電池の誕生

 電池の発見はカエルの足の実験で有名なガルバニ電池からヒントを得て発明されたボルタ電池が最初の電池だと言われています。18世紀末のことです。

 ところが、「バグダッド電池」と呼ばれる正体不明の考古遺物が存在します。1930年代にイラクのバグダッドで発見されたため、地名から命名されています。製作されたのは、紀元前250年頃であるという説もあれば4~6世紀という説もあるようです。メソポタミア文明の中で生まれた可能性も大です。

 この遺物の用途については色々な説があり、電池だという説とそうではないという説があり、結論が出ていないようです。私自身も現物を見た訳でもなく、研究をした訳でもないので科学的な見解は全く持ち合わせていません。イラストを作成して見ましたので参考にしてください。ネット検索すると写真等も直ぐに見つかります。壺の役割が全く想像できません。

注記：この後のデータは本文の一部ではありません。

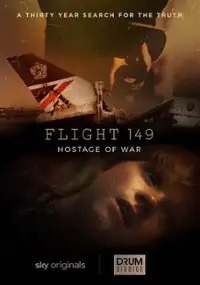 Plakat filmu Flight 149: Hostage of War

 再現実験をした人も多く、電池として機能したようです。構成的には電池であっても全く不思議はないと思います。電池と断定できない理由が、電圧が低いとか大きな電流が取り出せないということのようですが、電圧と電流は直並列接続でクリアできます。用途が不明であることも断定できない理由の一つのようです。この時代には金メッキの装飾品は多く存在しており、金メッキに使用された可能性はあるのではないかと思います。化学メッキ等の方法でも金メッキはできますが、当時どちらが簡単であったのかは想像できません。

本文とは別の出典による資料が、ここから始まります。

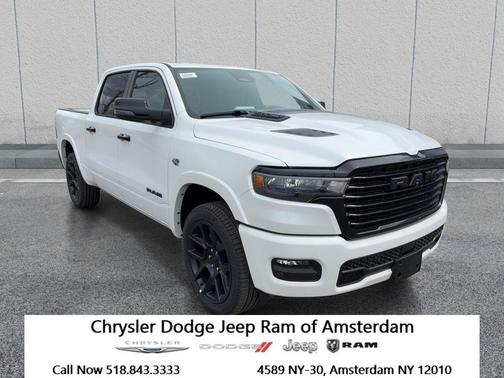Ivory White 2026 RAM 1500 Laramie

 他には呪文を書いたパピルスを鉄の芯に巻いて銅製の筒に収め、更に陶器の壺に収納してアスファルトで封をしたという説があります。金属製の筒に入れて保護することは想像できても、芯に鉄の棒を使う必要性には非常に疑問を感じます。

 紀元前250年というと日本では弥生時代に相当します。弥生土器という土器もあり、銅鐸(最近、淡路でも発見されて話題となっています)に代表される青銅器も鉄製の農具も存在していました。こんな時代に中東では電池が使われていたとするとロマンを感じずにはいられません。真偽は闇に包まれたままでもいいと思いますが、「バグダッド電池」という名前は今後も引き継がれて欲しいものです。

 さて、公式な電池の誕生が1800年前後だとして、電気はそれより前にクーロンがその存在を発見しており、クーロンの法則として今も引き継がれています。C(クーロン)として電荷の単位として今も存在感を示しています。

 発電機(ダイナモ)の登場は電池が登場してから更に30年程後のことになります。

 また、蒸気機関は電池の発明から遡ること30年余り前に、仕事率や電力の単位にもなっているワットによって発明されていますが、内燃機関(ICE)は蒸気機関の発明から約100年を経た1860年頃(ペリー来航より後)に発明されています。

 1800年頃の日本はというと伊能忠敬が日本各地の測量を始めた頃です。今日、我々の生活に電気はなくてはならないものとなっていますが、歴史はまだ200年前後とそれほど長くなく、日本地図の歴史と同程度ということになります。この電気の発見が色々な技術の進歩を急激に加速させることになったのではないでしょうか。